When I was watching the video of Heather, I had this realization that I also have misconceptions in the science and math disciplines as a learner. I recall myself generating logical reasonings to explain scientific phenomenon. Furthermore, as an elementary teacher, I am responsible for delivering accurate knowledge to my students. This lingering thought provoked me to look at teacher misconceptions and how they compare with student misconceptions in science, specifically. I came across an article by Burgoon, Heddle and Duran (2011) that was quite recent and focused on comparing the misconceptions about physical science between elementary teachers and students. Elementary science teachers were assessed on their physical science knowledge. The results showed the elementary science teachers shared similar misconceptions in topics of temperature, gasses, magnetism and gravity. Of course, these results cannot be generalized to the entire population of science teachers, but it does indicate some concern as teachers who have misconceptions, can contribute to further misconceptions for their students. For instance, a possible source of student misconception comes from an unreliable source (like a teacher)! 

Posted in A. Conceptual Challenges on January 7, 2017 by Gloria Ma. 7 Comments

In addition to not persuing science or math beyond the required courses in highschool many teachers realize that their learning may have been incomplete because concepts were taught only once with limited hands on experience. The following excerpt from Michelle’s post really highlighted this for me.

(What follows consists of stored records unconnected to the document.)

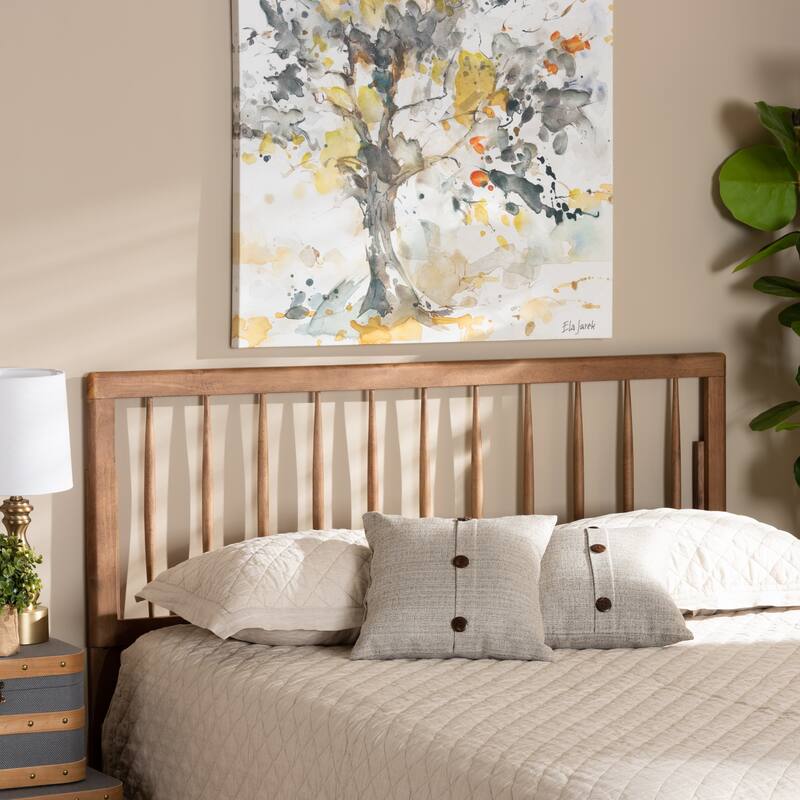 Valin Contemporary Ash Walnut Finished Wood Headboard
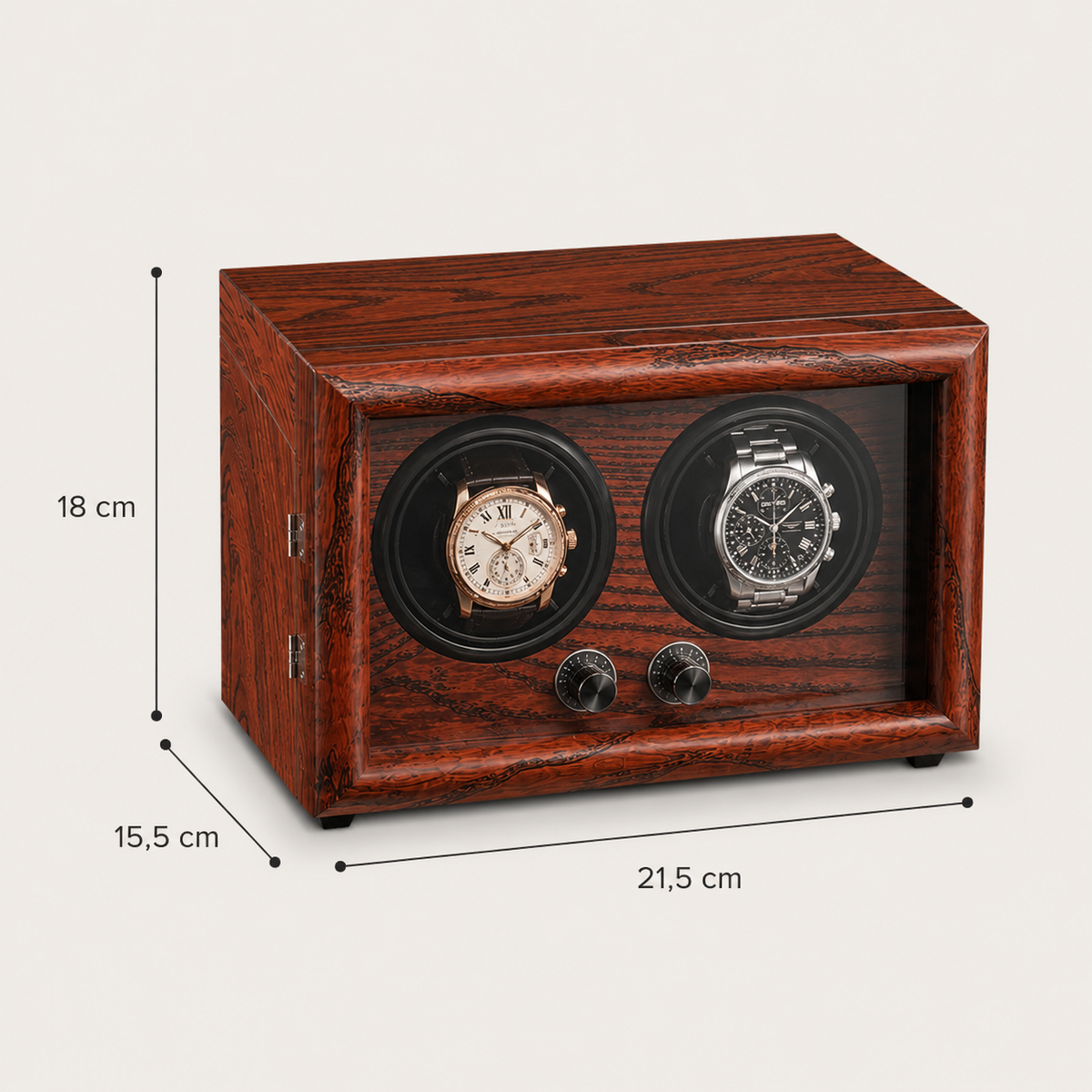 Remontoir Automatique 2 Montres – Kléber, schéma des dimensions, finition Bois Acajou, avec montres installées
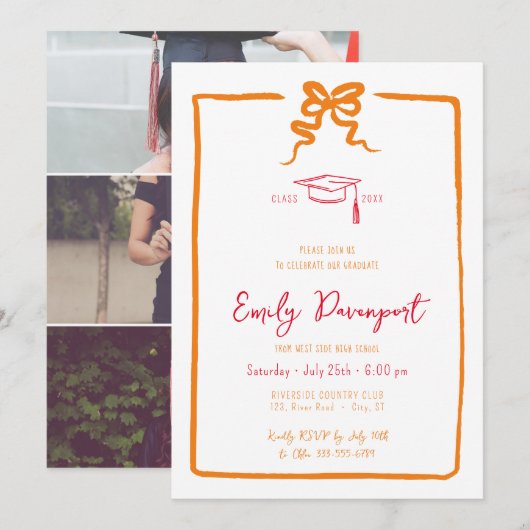 Bow eigenzinnig afstuderen 3 foto's kaart (Voorkant / Achterkant)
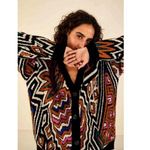 Farm Rio ππ Caramel Tropical Stripes Cardigan ~ Tropical Stripes Print XL NWT Photo 0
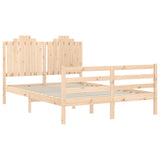 vidaXL Bed Frame with Headboard Solid Wood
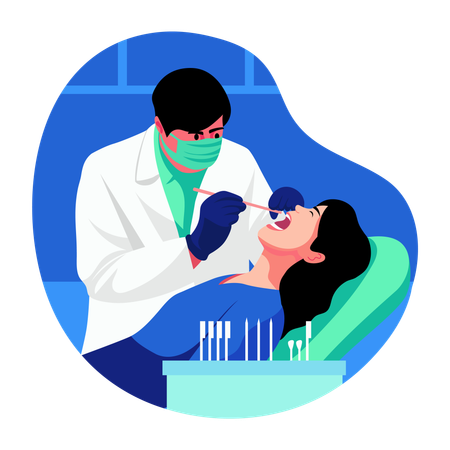 Dentist examining tooth germs  Illustration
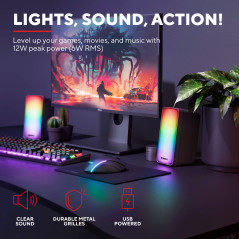 Trust Gaming GXT 611 Wezz Enceinte PC Gamer 2.0, Éclairage LED RGB, 12 W (6 W RMS), Alimentation USB, Connexion 3,5 mm, Contrôle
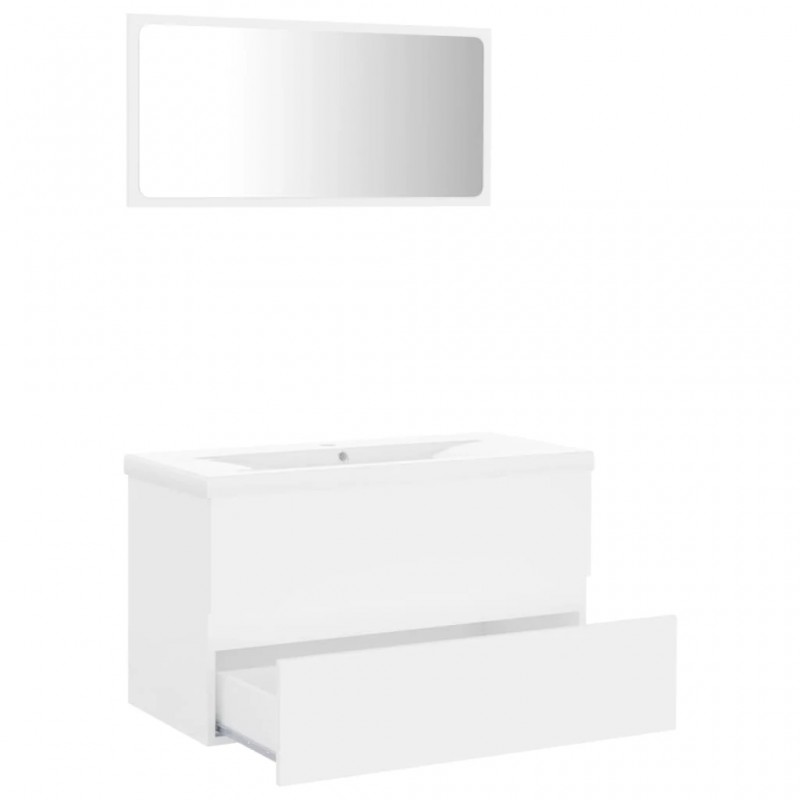 Bathroom Furniture Set White Engineered Wood Bathroom Furniture Set White Engineered Wood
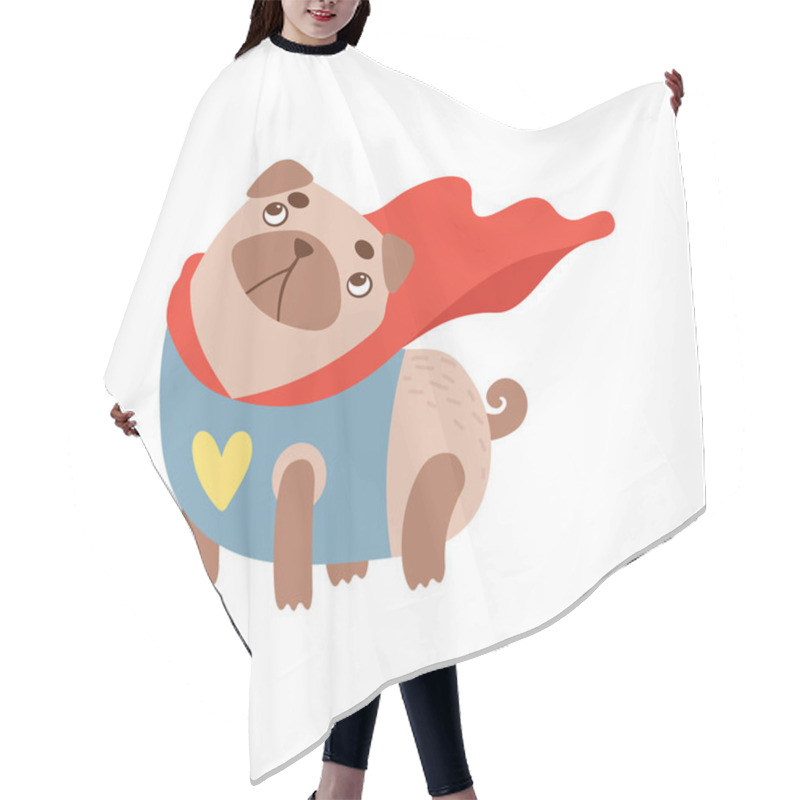 Personality  Cute Pug Dog In Superhero Costume, Funny Friendly Animal Pet Character Vector Illustration Hair Cutting Cape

After watching the video the concepts within it rang true to me. In my experiences in science, many concepts were taught only once and models, simulations and hands-on experience were limited to what resources were available, which were often slim to none. If models were available, the educators usually stood at the front of the class with the model in front of them as they “taught” us the concept. We did not handle or construct the models. One thing I found interesting was how strongly the students held on to their personal scientific theories. It seems that early experiences learning scientific concepts are fraught with misconceptions that may not be challenged and thus taken as the ultimate truth. I wonder if this is because as children we were not taught to question what we saw in books or what we were taught. We implicitly trusted these sources, including our understanding of 3-dimensional phenomenon which was more often than not, represented in 2-D form (in drawings, graphs, etc.).

Posted in A. Conceptual Challenges on January 9, 2017 by Michelle Furlotte. 2 Comments

All of this makes me wonder if elementary teachers should teach their subject specific specialization rather than all subjects. Are we truly offering a well-rounded education if a student leaves grade 8 with never having been taught by a science teacher, a Physical Educations Teacher or a History Teacher? I am starting to see this as a disservice to our students and their education. Questions I will continue to ponder: are elementary students too young to benefit from having several specialist teachers? Is there a social-emotional reason that elementary students need the same teacher all day?